I am left with one question though. As you can see from its Huggingface card, the strings to be vectorized should be all prefixed by the "passage: " string.
This string of course is only useful to generate the embedding and should not be saved to the DB.
@rjalex with our latest v1.31 (which should be released this week) I have added one small change to transformers module.
Now when we do a query we are sending a taskType: query and when we send passage request we add taskType: passage. We can use this information in our transformers inference container and prefix the text either with passage: or query: string if used model is intfloat/multilingual-e5-large
I can add support for this model and modify transformers inference container in a way that it will support your case.

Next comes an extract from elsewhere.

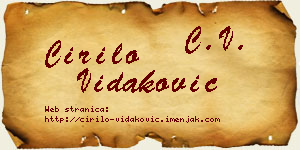 Ćirilo Vidaković vizit kartica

Hi Marcin, yes that would be cool. https://huggingface.co/intfloat/multilingual-e5-large and BAAI/bge-m3 · Hugging Face are as you probably know the best multilingual embedders out there, and as you can see from their HG pages both Milvus and Vespa do support them, so I guess that an optimal support also for my beloved Weaviate is strategic (and very useful for me ).
Here is the FAQ from e5-large HF page:
FAQ
1. Do I need to add the prefix "query: " and "passage: " to input texts?
Yes, this is how the model is trained, otherwise you will see a performance degradation.
Here are some rules of thumb:
Use "query: " and "passage: " correspondingly for asymmetric tasks such as passage retrieval in open QA, ad-hoc information retrieval.
Use "query: " prefix for symmetric tasks such as semantic similarity, bitext mining, paraphrase retrieval.
Use "query: " prefix if you want to use embeddings as features, such as linear probing classification, clustering.